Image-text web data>
————————

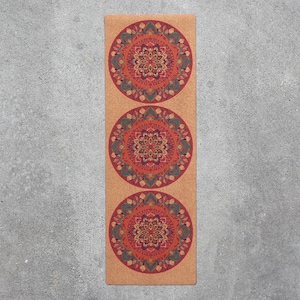 May include: A cork yoga mat with three repeating mandala designs in shades of red, orange, yellow, green, and blue.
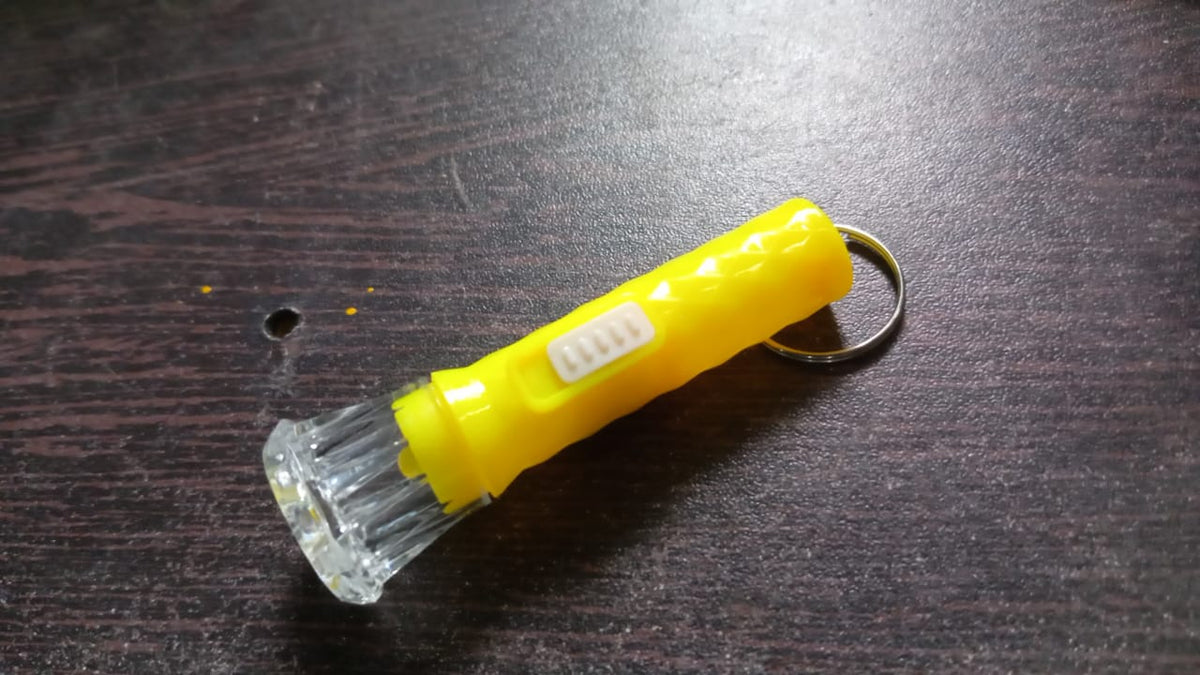 A yellow plastic flashlight with a clear faceted head and a silver keyring is on a dark brown wooden surface.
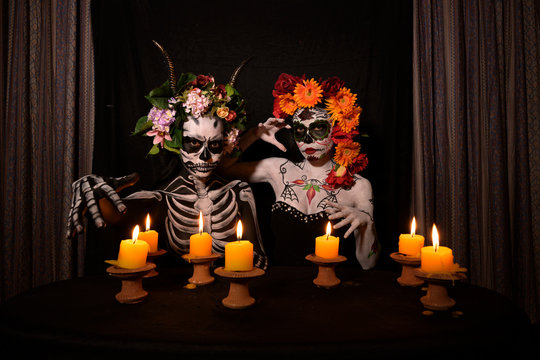 Halloween, Day of the Dead portrait body paint decorated with flowers, Horror concept.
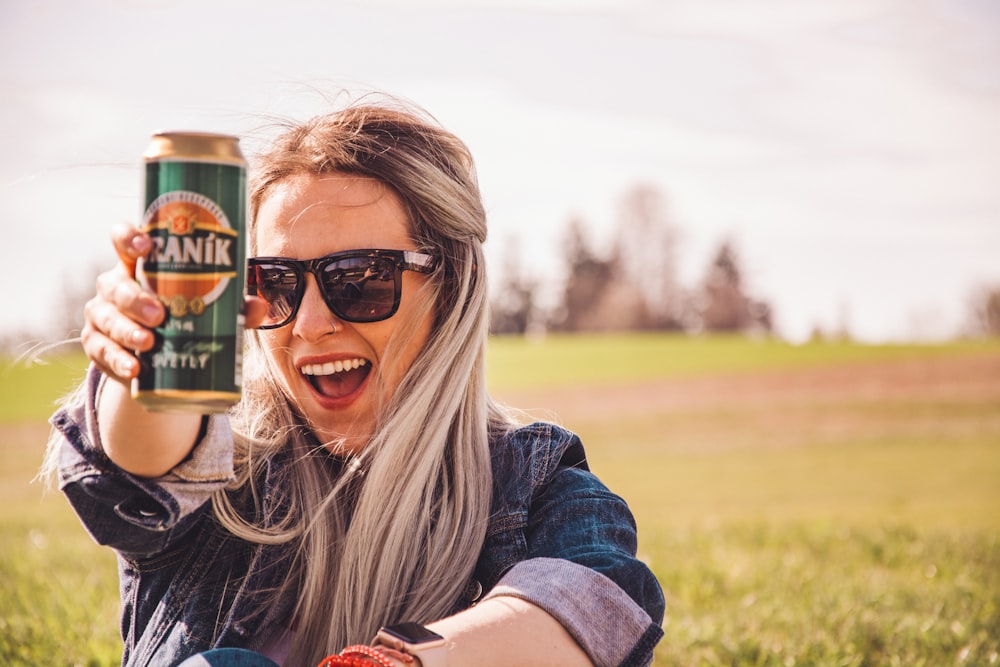 woman holding soda can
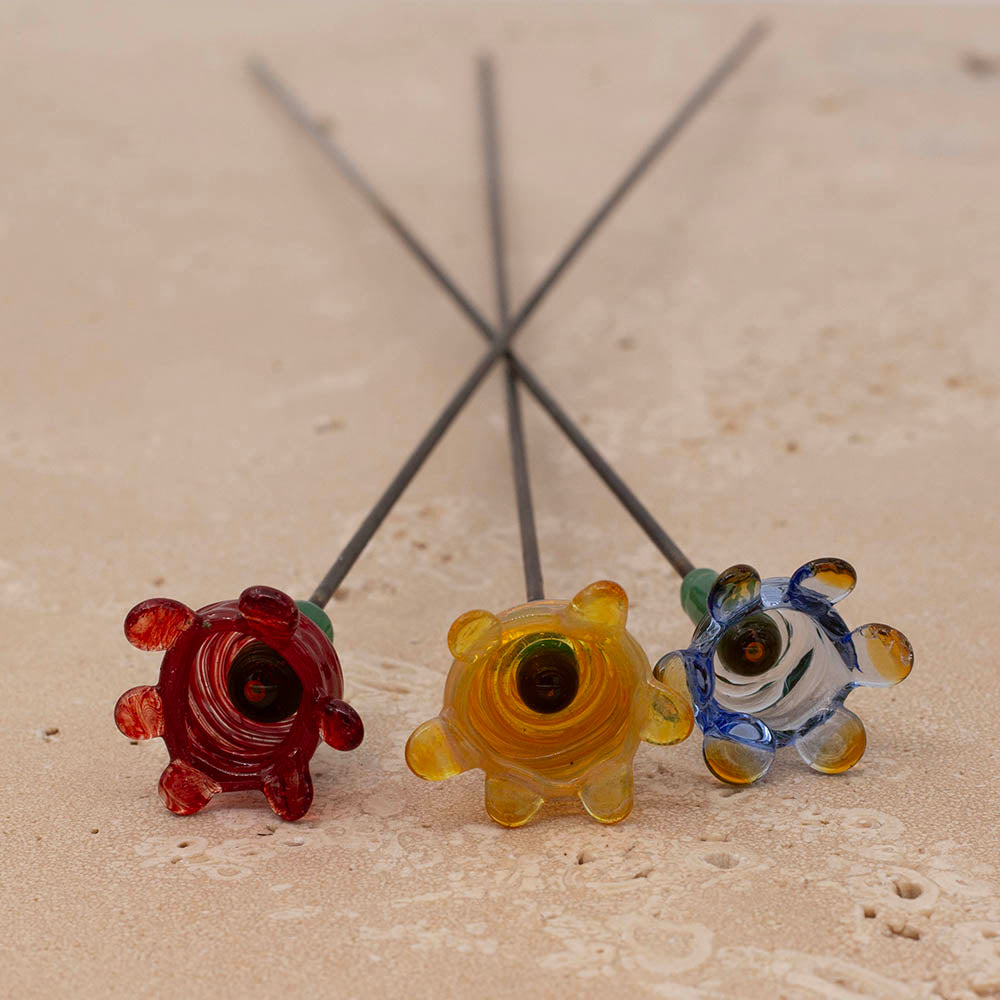 Three bee sippers - flower shapes with curved bottoms to collect water on metal sticks lying on a sandstone tile. The bee sippers are red, yellow and pale blue, and all three have dark centres.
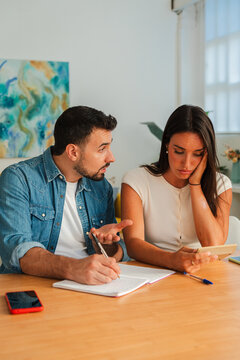 A focused pair sits at a wooden table as one writes in a notebook while the other gestures and speaks, conveying collaborative problem solving and shared decision making with calm concentration now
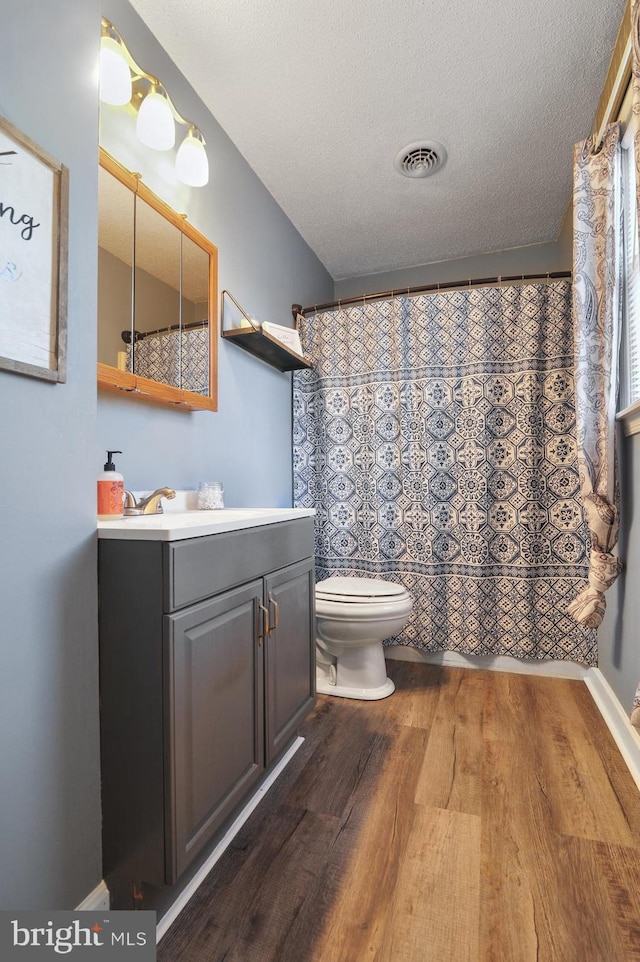 bathroom with a textured ceiling, vanity, hardwood / wood-style flooring, and toilet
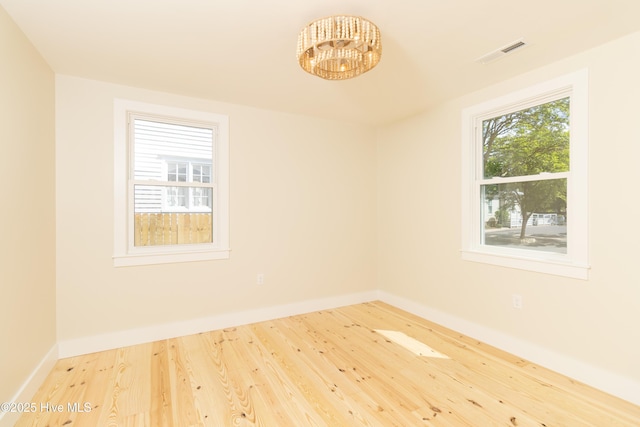 spare room featuring a chandelier, wood finished floors, visible vents, and baseboards
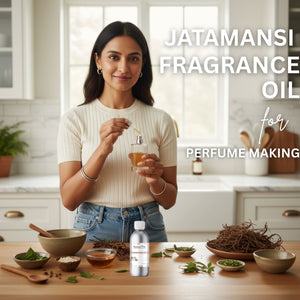 Woman holding a bottle of Jatamansi fragrance oil in a kitchen setting with various ingredients on the table.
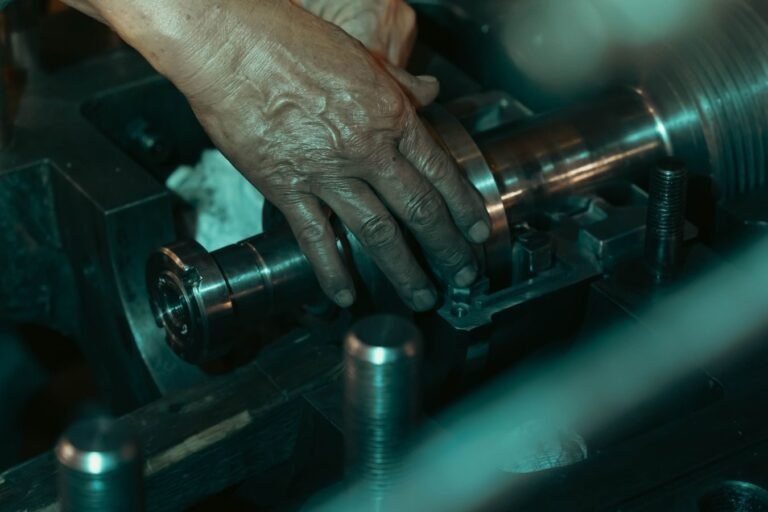 Detailed view of a mechanics hand adjusting parts on a metalworking machine.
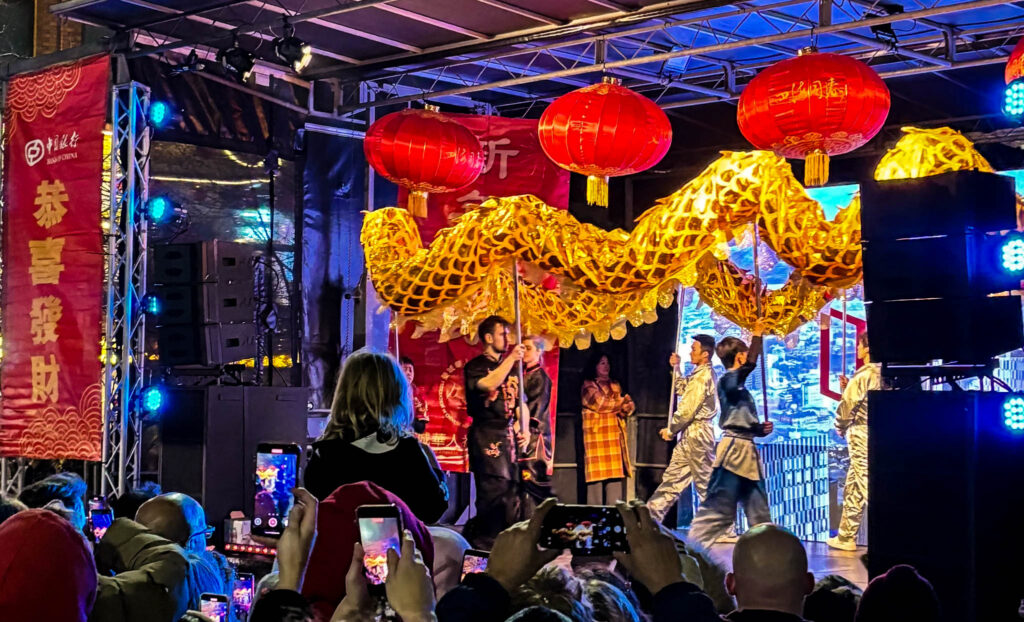 A team of people parade a golden dragon puppet above their heads on stage. There are red Chinese lanterns hanging above them, with a red Chinese banner on the left side. There is a crowd in the foreground watching the show - a little girl sits on someone's shoulders.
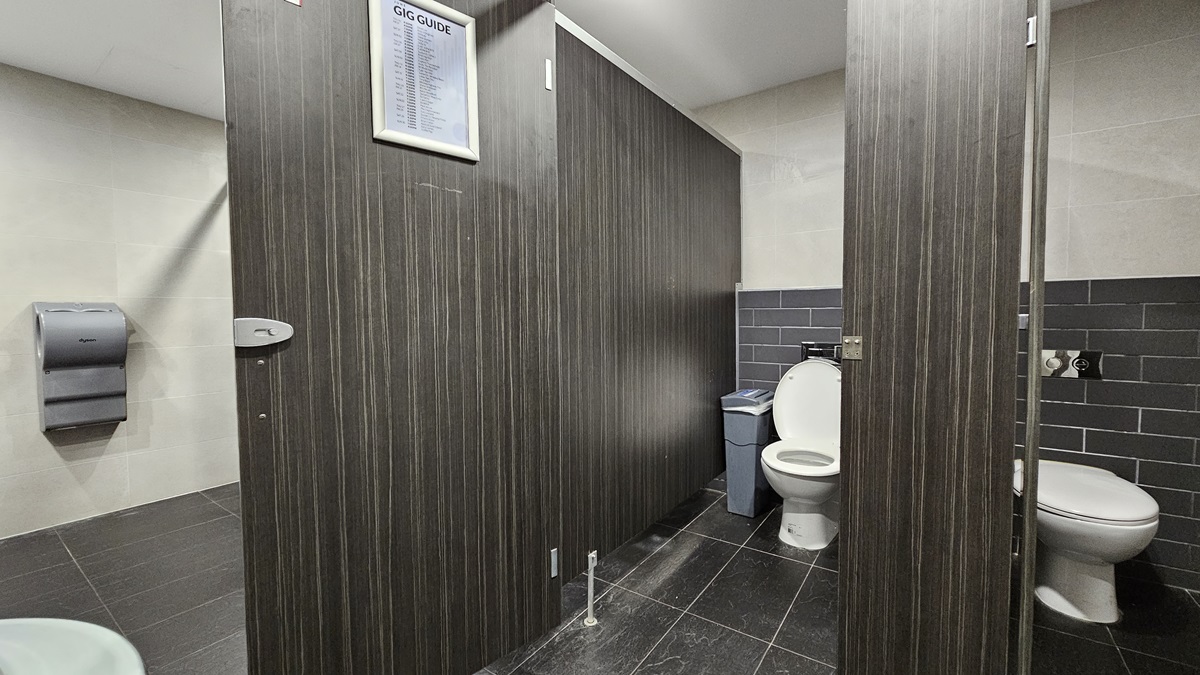 On the left, there is a grey paper towel dispenser mounted on a beige tiled wall. In the middle, there are two dark wood bathroom stalls, one with a closed door and the other open, revealing a white toilet and a blue bin. On the right, there is another white toilet with a grey tiled wall behind it. The floor is covered in dark grey tiles, and the ceiling is white with recessed lighting. On the left, there is a grey paper towel dispenser mounted on a beige tiled wall. In the middle, there are two dark wood bathroom stalls, one with a closed door and the other open, revealing a white toilet and a blue bin. On the right, there is another white toilet with a grey tiled wall behind it. The floor is covered in dark grey tiles, and the ceiling is white with recessed lighting.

————————

To do>
Look above for the line with "woman holding soda can", then give again exactly every line from there through the line with "A team of people", skipping the pictures.

Answer for the task>
 woman holding soda can
 Three bee sippers - flower shapes with curved bottoms to collect water on metal sticks lying on a sandstone tile. The bee sippers are red, yellow and pale blue, and all three have dark centres.
 A focused pair sits at a wooden table as one writes in a notebook while the other gestures and speaks, conveying collaborative problem solving and shared decision making with calm concentration now
 bathroom with a textured ceiling, vanity, hardwood / wood-style flooring, and toilet
 spare room featuring a chandelier, wood finished floors, visible vents, and baseboards
 Woman holding a bottle of Jatamansi fragrance oil in a kitchen setting with various ingredients on the table.
 Detailed view of a mechanics hand adjusting parts on a metalworking machine.
 A team of people parade a golden dragon puppet above their heads on stage. There are red Chinese lanterns hanging above them, with a red Chinese banner on the left side. There is a crowd in the foreground watching the show - a little girl sits on someone's shoulders.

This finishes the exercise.